The ILM artists that created those amazing fire-bending sequences in The Last Airbender got a lot of help from the innovative application of GPU technology. For those scratching their heads wondering what that means, it’s using the graphics processing unit (GPU) as opposed to the central processing unit (CPU) to build frames of visual effects animation. The ability to switch this computationally intensive process to the GPU is possible thanks to the CUDA technology now embodied in Nvidia Quadro FX 4800 and FX 5800 pro graphics cards.

“Half the battle with rendering is all the computation,” says Dominick Spina senior technology product manager for digital film at Nvidia and former manager of software development at Digital Domain. “One of the big problems we had in production was getting the large amount of data on and off the GPU so there was always a bottleneck.”

What broke up that logjam was Nvidia’s CUDA a system processor organization that enables developers to take advantage of the parallel computing capabilities of the graphics chip.  Particularly when simulating and rendering physical effects, programmers can use CUDA to create tools for artists so they can quickly view multiple iterations of complex simulations of things like fire, water, air or anything where a large amounts of data need to be transformed into behaviorally realistic effects. The researchers at ILM have used CUDA and the Nvidia Quadro pro graphics cards to create applications that are totally transforming their visual effects workflow.

ILM first used GPU technology to build Lightspeed a previewing system that let artists see renders that were near final quality.  Toward the end of 2008, Chris Horvath and Willi Geiger built a system that could simulate and render fire for the effects in Harry Potter: The Half-Blood Prince.  Their workflow used some innovative programming techniques that enabled them to treat the graphics card not as a rendering accelerator but as a high performance general computing device. “At the end of Potter,” says Olivier Maury, ILM lead rendering engineer, “we were confident we could use GPUs reliably in production for simulation and final rendering."
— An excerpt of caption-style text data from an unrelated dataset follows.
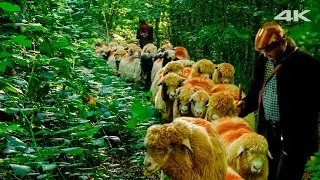 Winter Preparation - Migration from Plateau to Village | Documentary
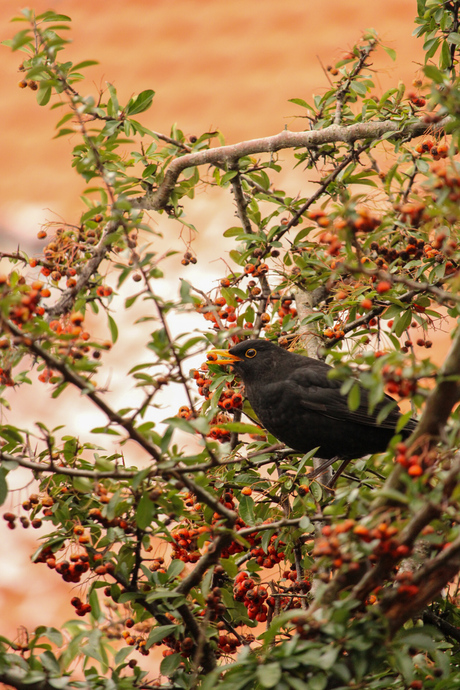 Merel lust wel een besje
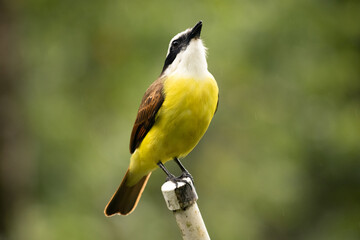 Great Kiskadee in Costa Rica. Benteveo en Costa Rica.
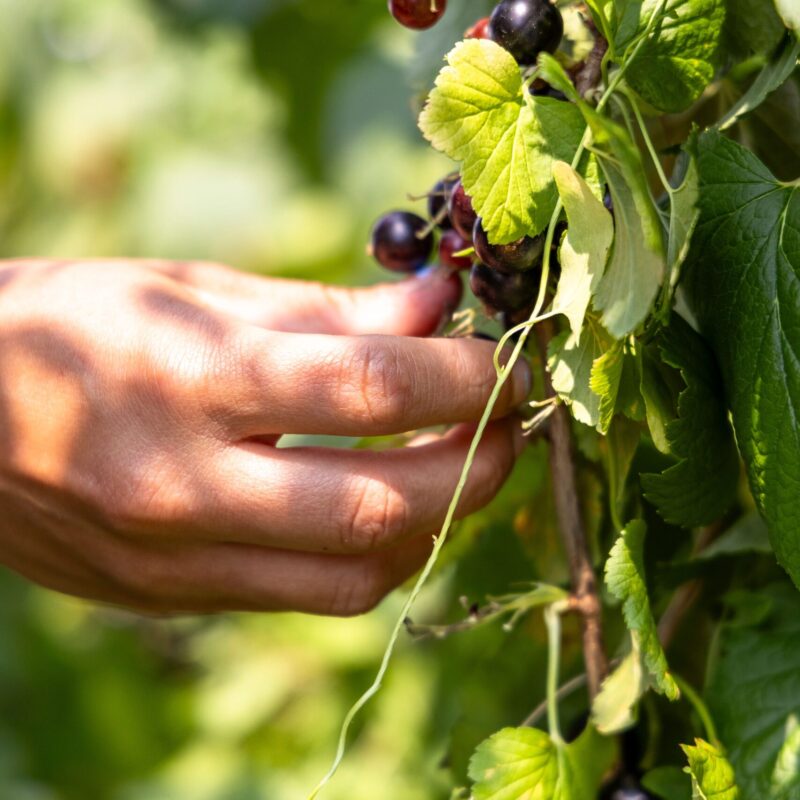 Bacche di ribes nero (Ribes nigrum) mature sul cespuglio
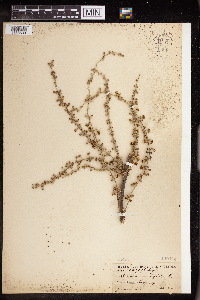 Image of Mallotus nudiflorus
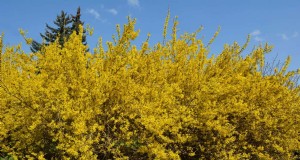 Mengelola Akar Forsythia:Menghindari Invasif di Dekat Rumah Anda 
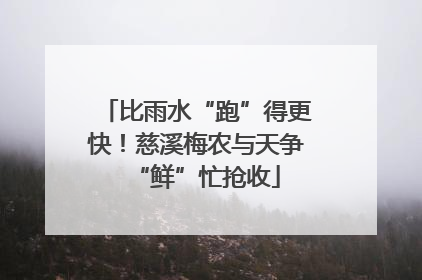 比雨水“跑”得更快！慈溪梅农与天争“鲜”忙抢收
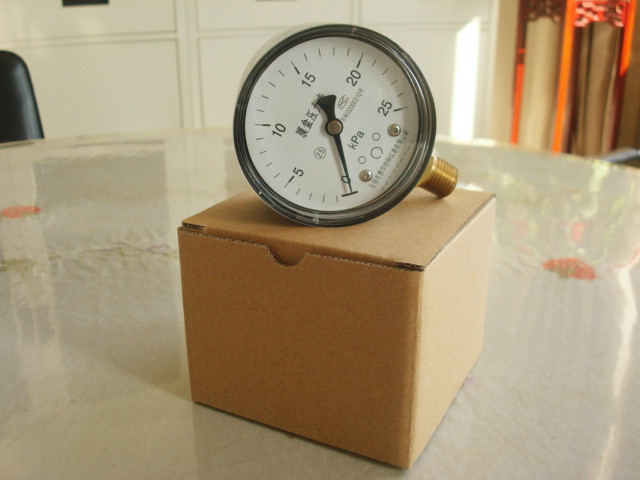  PA旗舰厅膜盒压力表正面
Spina explains that what effects houses are trying to do is fundamentally “change the way that they can contribute to the filmmaking process.”   In the past, he explains, the movie director would request a bunch of shots with fire, and so somewhere in the post production process there would be a bunch of shots with fire.  With GPU technology they can “help the director visualize what fire actually can look like in the scene to see how it improves the storytelling. And because of that they are adding more incredibly realistic visual effects into the film.”

ILM moved forward using CUDA to develop Plume, which is both a 3D fluid simulator/solver and a rendering application. They use mostly the Nvidia Quadro FX 5800 pro graphics cards because of the 4GB of memory. The technology is deployed both to individual artists workstations and a GPU based-renderfarm.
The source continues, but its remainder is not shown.